This is YOUR chance to play a role in how our public lands are managed and ensure that sportsmen and women have a say about the places where we love to hunt and fish
The Bureau of Land Management’s Vale District Office manages more than 4.6 million acres of public lands across eastern Oregon including the Trout Creek Mountains and the Owyhee Reservoir. These landscapes provide some of the finest hunting, fishing, and outdoor recreation opportunities in the state, as well as important habitat for big game, upland birds, and lahontan cutthroat trout
Currently, the BLM is revising its plan that will determine the future management of these lands for the next 20+ years, and public meetings are scheduled that offer an opportunity for the public to share their ideas directly to the BLM. This process is a key opportunity to help protect habitat of the imperiled sage grouse, determine where Off-Road Vehicles can and cannot travel, and protect wild desert places to camp, hunt and fish. Three main issues will be addressed in this planning process: Lands with Wilderness Characteristics, Off-Road Vehicle and Travel Management and Livestock Grazing. Each meeting will include a brief overview of the alternatives being considered at 6 p.m. Maps, handouts and BLM staff to answer questions will be available for the duration of each meeting. Sportsmen and women must get involved to ensure that the best habitats are conserved and public access for hunting and fishing is maintained.

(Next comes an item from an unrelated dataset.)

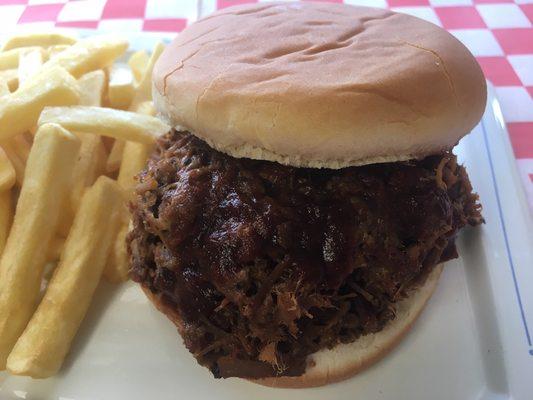 The Scout! Delicious BBQ sandwich with your choice of our tender brisket, pork or chicken!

Please attend one of three local public meetings and make your voice heard – meeting dates, locations, and times, as well as suggested talking points are listed below.
Where and when
Public meetings (All meetings run from 5 p.m. to 8 p.m.)
- Monday, June 24, at the Four Rivers Cultural Center in Ontario, Ore
- Tuesday, June 25, at the McDermitt Community Center in McDermitt, Nev.
- Wednesday, June 26, at the Jordan Valley Lions Hall, Jordan Valley, Ore
Suggested talking points
Stakeholder Support: The BLM’s preferred alternative to revert to the management plan from 2002 does not reflect recommendations made after countless years of efforts by diverse stakeholders on the local Resource Advisory Council to improve the management of public lands for recreation and wildlife. Urge the BLM to select an alternative that will protect this landscape’s wild places by limiting OHV travel to existing routes and maximizes opportunities for common-sense conservation that improves the health and habitat of this vast landscape.
Conservation of unfragmented, functional habitats: These high-quality habitats benefit countless species including sage grouse, mule deer, and desert bighorn sheep. Over 2 million acres within the planning area have been identified as mule deer winter range and deserve common sense protections. Backcountry public lands also enable hunters to get away from the crowds and enjoy a quality hunting experience.
Wildlife and fisheries restoration and enhancement: We encourage and support efforts to prioritize active habitat restoration and enhancement on the landscape to benefit big game and other wildlife species.